Screenshot: Engineering Explained

Automakers are obsessed with turbocharging everything at the moment, being that consumers are demanding ever more power and low-end torque feel from their cars, while attempting to meet fuel economy expectations at the same time. That low-end boost is provided a number of ways, but effectively manufacturers desire the turbocharger boost to help provide additional power from just-off-idle RPM. Mazda has proven particularly adept at the task with their advanced SkyActiv engine family. Engineering Explained is here to help us all understand how they’ve done it.

Mazda has pushed the turbocharger as close to the exhaust valve as they possibly can, though that alone isn’t unique.

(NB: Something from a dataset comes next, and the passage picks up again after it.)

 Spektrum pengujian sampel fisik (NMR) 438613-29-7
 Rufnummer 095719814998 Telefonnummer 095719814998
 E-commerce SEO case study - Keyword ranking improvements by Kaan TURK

The turbocharger has effectively become a variable geometry by virtue of that interesting valved manifold it bolts to. By closing off much of the manifold’s cross section at low RPM, the exhaust is bottlenecked through a smaller opening, which increases the velocity of the exhaust gasses as they hit the turbine, spooling it much quicker than it would otherwise. By the time the RPMs get high enough to open that valve, the turbo is already spinning quite well.

Further, by building the exhaust manifold as a four-into-three-into-one, the high-pressure exhaust gasses are paired with the cycle of a paired cylinder’s low-pressure cycle, promoting scavenging. This also helps provide a smooth and continuous flow of exhaust gasses to keep the turbine spooled.

As mentioned in the comments of this video, this 2.5-liter engine from the CX-9 would be a great one to drop into a brand new Mazda3 to create a hell of a hot hatch. And to make that even better, it’d probably get pretty decent fuel economy to go with its power.